Return the line that has "Deluxe Double Room, Private" and all lines below it through the last, exactly as they stand; omit pictures.

___ Data in this exercise ___

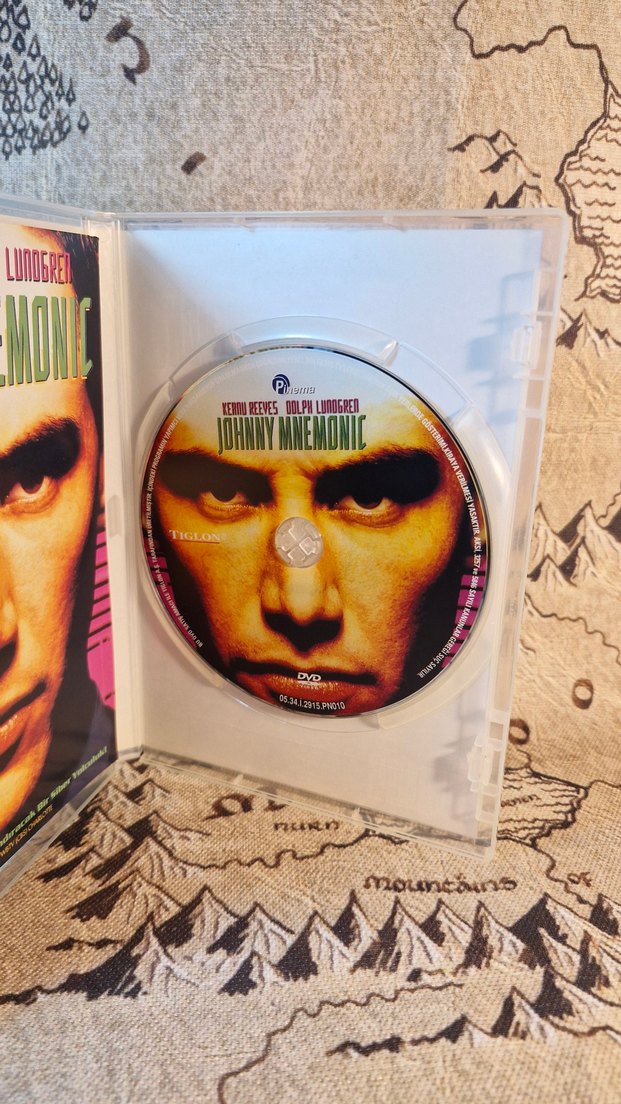 Johnny Mnemonic DVD - Keanu Reeves, Dolph Lundgren! - Görsel 4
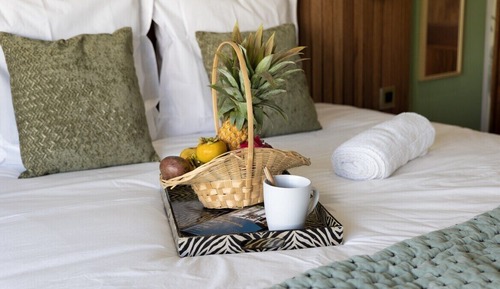 Deluxe Double Room, Private Bathroom (Latanier)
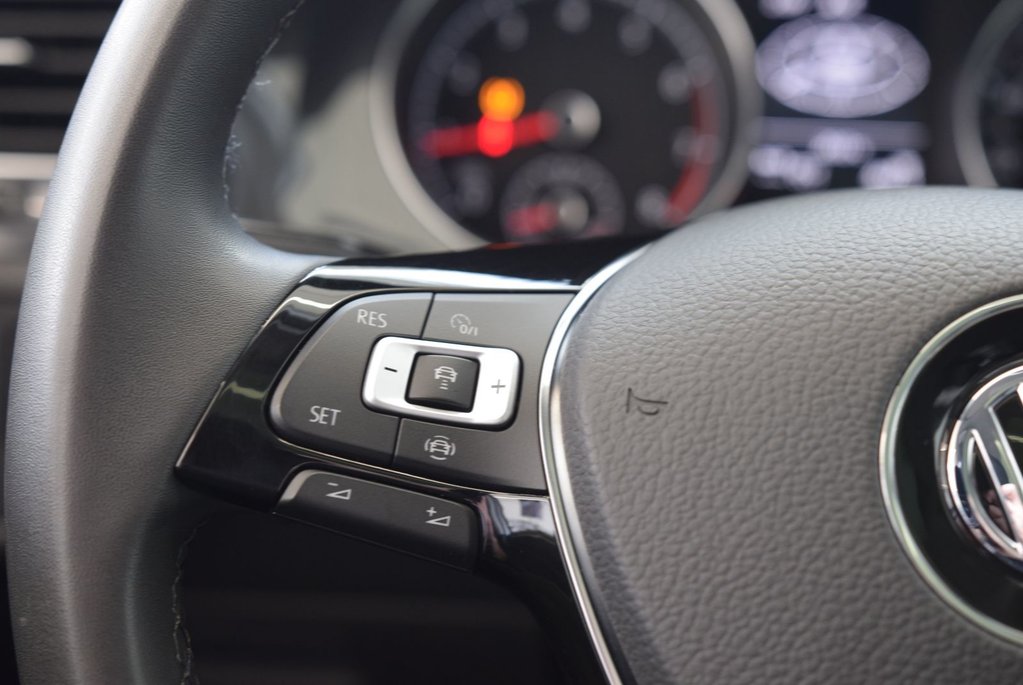 2021 Volkswagen Golf HIGHLINE+TOIT PANO+CUIR+ in Laval, Quebec - 24 - w1024h768px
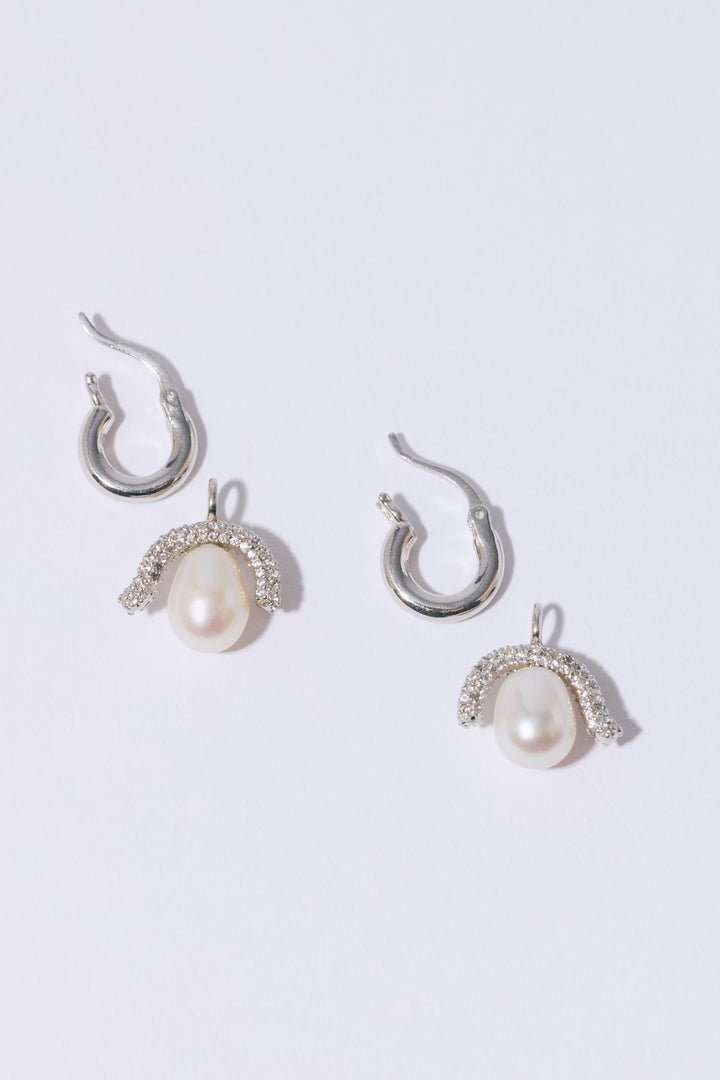 PEARL OCTOPUSS.Y BABY PARIS EARRINGS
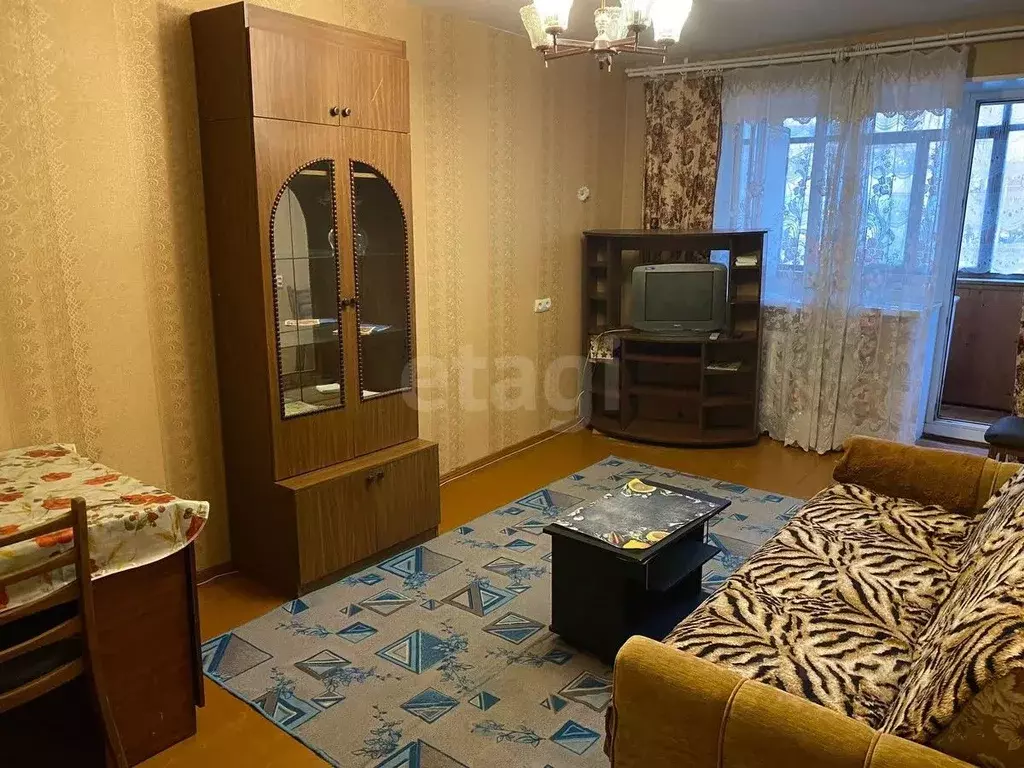 3-к кв. Коми, Сыктывкар ул. Комарова, 8 (58.8 м) - Фото 1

___

Result of the exercise:
 Deluxe Double Room, Private Bathroom (Latanier)
 2021 Volkswagen Golf HIGHLINE+TOIT PANO+CUIR+ in Laval, Quebec - 24 - w1024h768px
 PEARL OCTOPUSS.Y BABY PARIS EARRINGS
 3-к кв. Коми, Сыктывкар ул. Комарова, 8 (58.8 м) - Фото 1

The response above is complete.